You are a wildlife photographer and naturalist as well. Would you say that your scientific knowledge is an important basis of your photographic work?
In my case, I would say it is decisive. All of my work flow from a deep reverence to nature, and in a certain sense my photography is just a sort of “collateral damage” I have found to justify my living. I spend a huge amount of time thinking on my subjects, making research, and studying the better ways to approach them in advance, all in order to enhance the features I want to remark to endow personality to the animals, and thus provoking a response on human viewers, which is my ultimate goal. This is the photography I believe in, the old style. Luck may exists, but I still haven´t found it…
Your last book – “Tanganyika – Africa’s Inland Sea” – is about the underwater wildlife of Lake Tanganyika. Was it very difficult to realize such a great project in Central Africa?

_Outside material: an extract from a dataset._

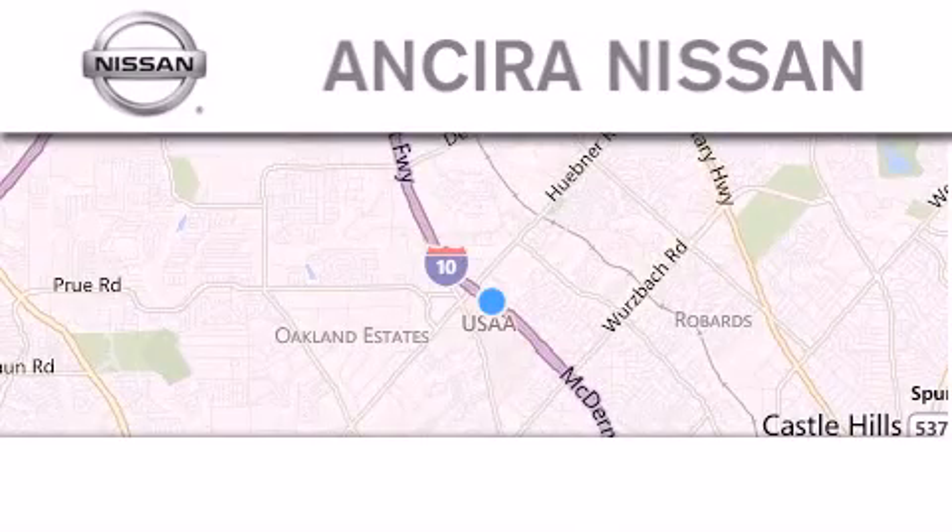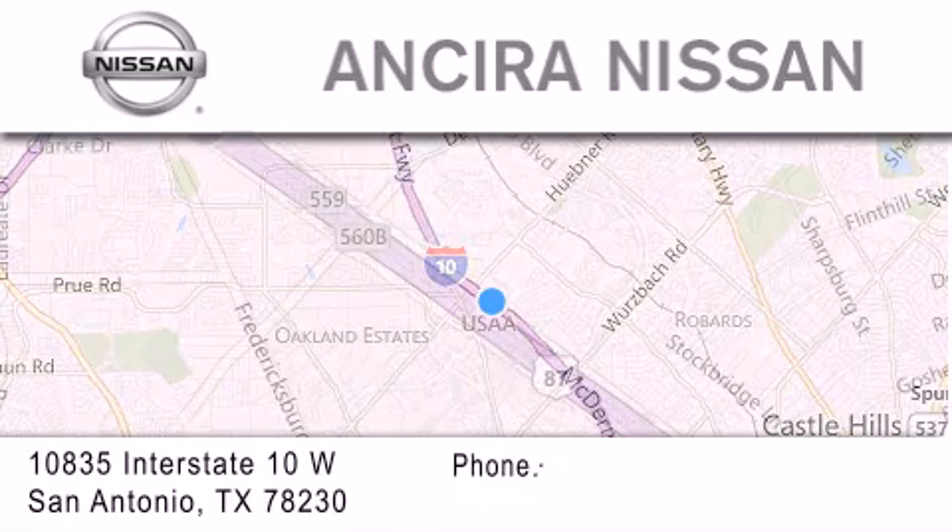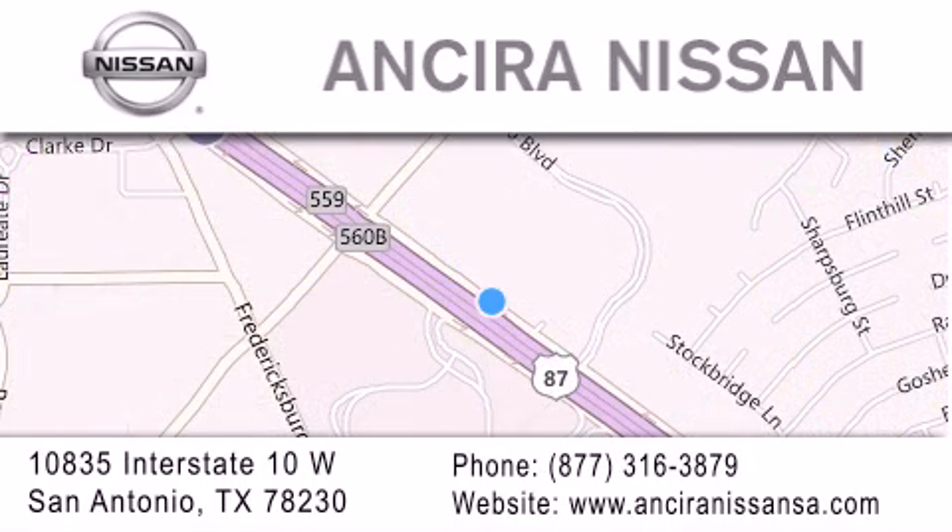Thank you for considering Ansira Nissan for your next new or pre-owned vehicle. For additional information, please visit our website, give us a call, or stop by our dealership. We're located at 10835 Interstate Highway 10 West in San Antonio. We look forward to serving you.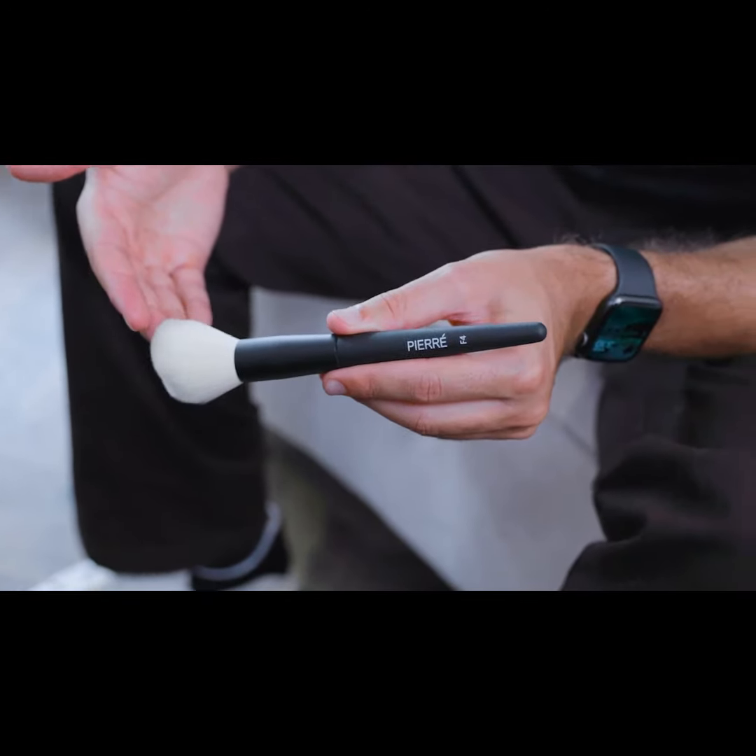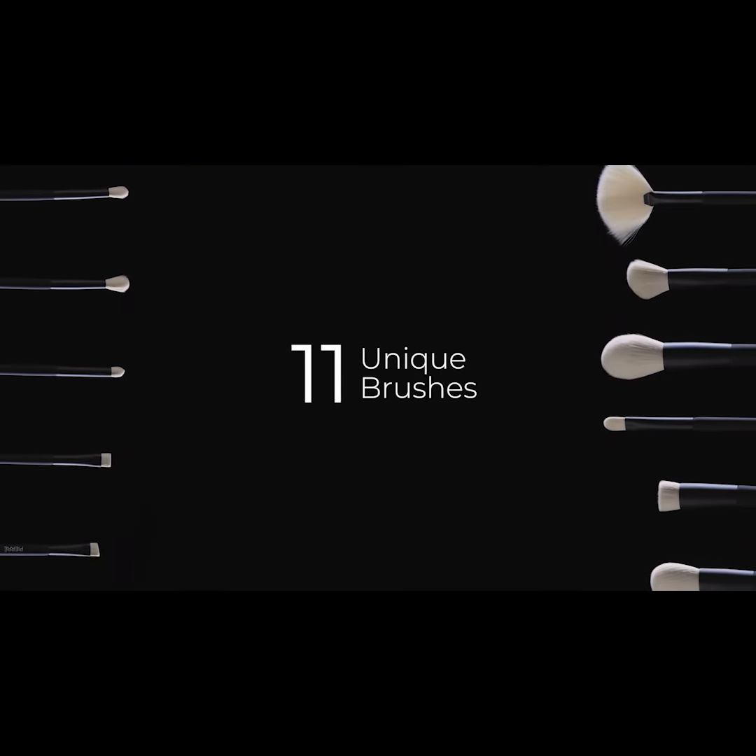Pierre was designed to fill a gap in the market as we feel most makeup brush kits are overwhelmingly large. We've designed this kit with only 11 brushes that do everything.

It was truly challenging to me. I started working there in 2003 after leaving my work as a commercial diver in an offshore fish farm. Then, I was virtually unemployed and I decided to invest my scarce resources on establishing as a full-time professional photographer once for all, after more than ten years as part-time worker. That was my first international trip, and I just had 1000 euro for a five-week trip working alone in a remote part of Africa. Obviously, I paid the foolishness with no minor taxes. A snake biting, a few days illegally arrested, and a severe infection on my right arm, were just a few of them, but it worths the effort…ten years later. Then, other expeditions to the lake came with different degree of success, but all of them fruitful on the maturing process needed to develop new photographic and personal challenges in the complex Africa´s heart.
Do you work on new projects at the moment?
I am right now developing a new book on that amazing lake, as well as taking part on a BBC Natural History Unit TV production at there.
At the same time, I am also trying to find support for an ambitious project on my beloved Mediterranean sea, where I have built almost all my career. And of course, my daily work on new (and old) subjects, writing stories, and living, which is quite enough to be a professional photographer today.